In the early months of the pandemic, many people saved money when they were unable to spend on their gym memberships, a consumer service. But to fill that exercise gap, many looked to home gym equipment like a Peloton bike. While that monthly gym bill can get expensive, the DIY gym cost can far eclipse it, especially if you buy the wrong equipment.
Optimizing like an expert: Database expertise and your tour guide
Similarly, a good DBaaS gives you the built-in expertise of an experienced database operator, ensuring the proper setup and configurations of the database for a given use case. Aerospike Cloud, Aerospike’s DBaaS offering, defaults to the optimal computing configurations based on years of customer experience, particularly from its cloud managed service. Related to the two prior points, a DBaaS will save you the time of figuring out what works and what doesn’t and making the best decisions for networking, instances, security, and more to save money. When your needs grow, a DBaaS should seamlessly scale in tandem.

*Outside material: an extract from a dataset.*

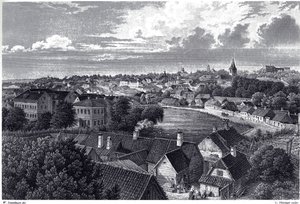 Widok na Dorpat, ok. 1900 r. 1850 autorstwa Wilhelm Siegfried Stavenhagen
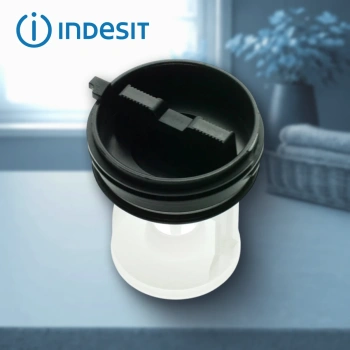 Крышка фильтра стиральной машины Indesit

In this example, the DBaaS is like hiring a tour guide. Travel is another service area that’s surged as the pandemic has receded. While paying for a guide comes at a cost, you can learn from their experience to enjoy the sites, make the most of your visit, and potentially find cost savings that would be unavailable or difficult to find for independent tourists.
Speed to market: Eliminate setup time and the trip to the grocery store
Don’t get me wrong. I love to travel without a guide and make my own discoveries. Businesses, though, typically prefer a fast solution. With a DBaaS, you can be up and running in minutes. On-premises or self-managed deployments can have a much slower setup and configuration as users learn on the job. Most businesses would rather focus on building their product as fast and effectively as possible to get it into their customers’ hands. Every hour of delay in doing so can be lost opportunities.

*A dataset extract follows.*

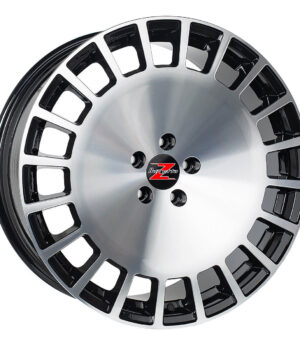 Barzetta Glorioso Black Polished 8.5x20 5x108 40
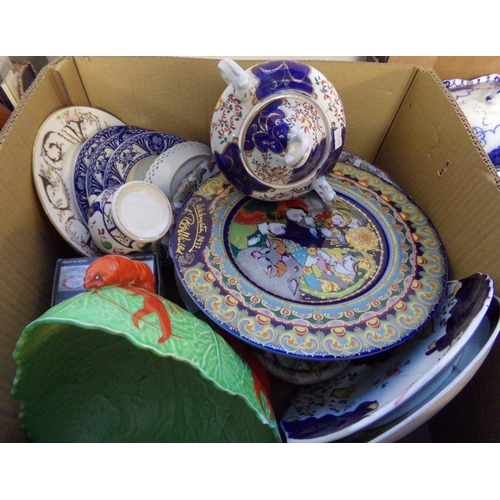 542 - Four boxes of assorted china and glass.  (4)   (B.P. 21% + VAT)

Just like a grocery or meal delivery comes at a cost, it can be a game changer for busy professionals and families alike, helping them be more productive at work and at home.
Who doesn’t like a free trial?
Another way a DBaaS can be a cost saver is when it’s free. If you have existing credits with AWS, Google Cloud, or Microsoft Azure, you can typically apply them to DBaaS usage. This is akin to the free perks like music and movies for Amazon Prime members.
Just as we choose restaurants, gyms, and travel guides to make our lives better and easier, adopting a DBaaS can let you focus on your bigger priorities. By skipping the DIY approach, the automation of a DBaaS can optimize your database management, accelerate your business’s time to market, and ultimately slash costs.